And I tell you, make friends for yourselves by means of the mamon of unrighteousness; so that when it fails, they may receive you into eternal dwellings. (Luke 16:9)
This saying comes at the end of the parable of the unjust, or dishonest, steward. It is a strange story. The steward's job was to run the estate for the owner, but he mismanaged it. When his master discovered this he asked the steward to show him the books and give an account of his doings. The steward knew this was the end for him, so he took some steps to safeguard his future. He summoned his master's debtors and in collusion with them, falsified the accounts, reducing their debts. In this way he would make friends of these people and they would give him shelter when he was turned away.

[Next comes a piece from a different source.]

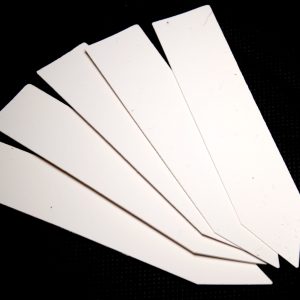 White Plastic Labels – 2x10cm – 100 pcs.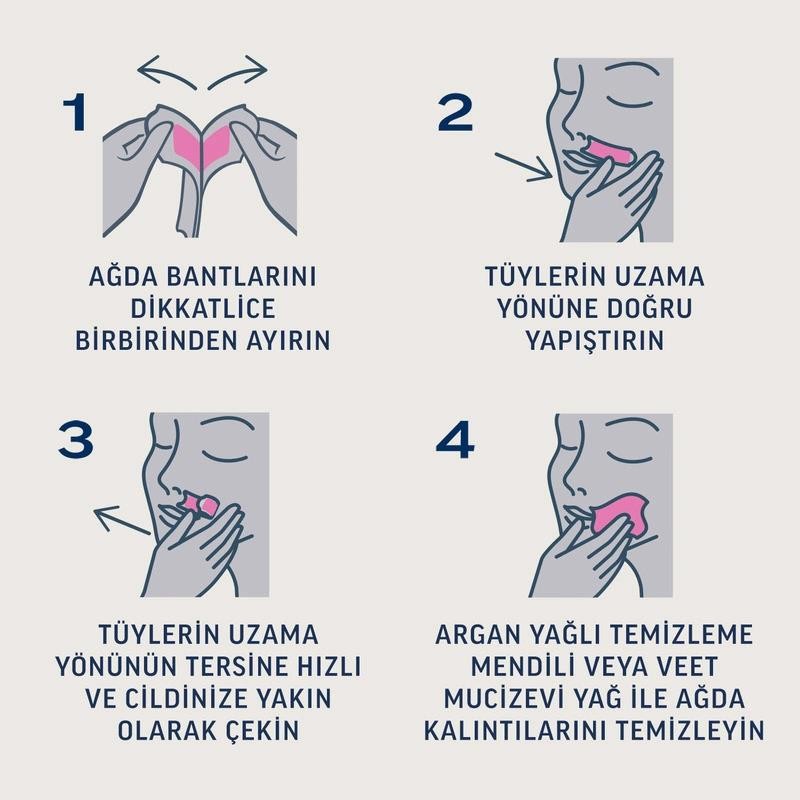 Veet Professional Yüze Özel Sir Ağda Bantları 20'li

The steward's master got to know of his action and called him a clever rascal. In the words of Jesus, "His master praised the unrighteous steward because he had acted shrewdly."
Was Jesus condoning his dishonest behaviour? He certainly seems to be praising him for his ingenious plan.

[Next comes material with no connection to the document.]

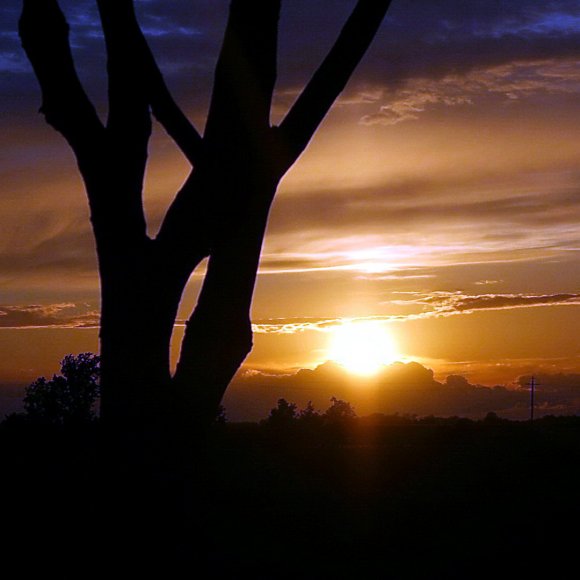 Abendrot-Sonnen-Untergang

What is clear is that the steward was displaying great shrewdness in safeguarding his future. But Jesus is not saying that dishonesty pays. He is urging the disciples and the Pharisees to cultivate the same kind of singlemindedness in their desire to know God, a far more worthy use of common sense than concern for material welfare.

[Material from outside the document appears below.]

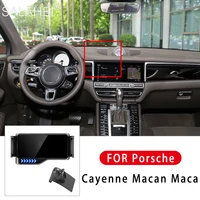 mobile phone holder for porsche cayenne macan maca 2014 2020 air vent mount clip interior dashboard adjustment telephone holder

We now have to think of people who have got enormously rich, if we know any. It is a common, everyday sight to see people working hard, doing extra courses to improve their skills, putting in extra hours to get on in their career. If they have their own business they will certainly give up many days off and holidays in order to develop it. We think this is quite normal and sensible. Some people sacrifice everything most of us value - home life, leisure, friends - in order to build up a fortune. Surely, all Jesus is saying is that Christians need as much zeal and enthusiasm as anybody who has the energy and self-denial to get on in this world. Many Christians are more ready to sacrifice their spiritual development than their financial one. It is the story again of "where your treasure is, there will your heart be also". Jesus calls us from the pursuit of self-interest, from being "lovers of money" like the Pharisees (verse 14) to follow him along the way which he tells us leads to life in all its fullness.
There is still the question of how material wealth can be used to obtain "eternal dwellings". This parable of the Unjust Steward is followed by a number of sayings about wealth. Then comes another story, the story of the rich man and Lazarus. The rich man had plenty of everything and never gave a thought to Lazarus sitting at his gate, destitute and covered with sores. If the rich man had used a little of his wealth to help Lazarus, would not Lazarus have pleaded for him when they both died? But Lazarus had no reason to do any such thing. The rich man found himself without a friend when he needed one most. It is a thought that should stay with us.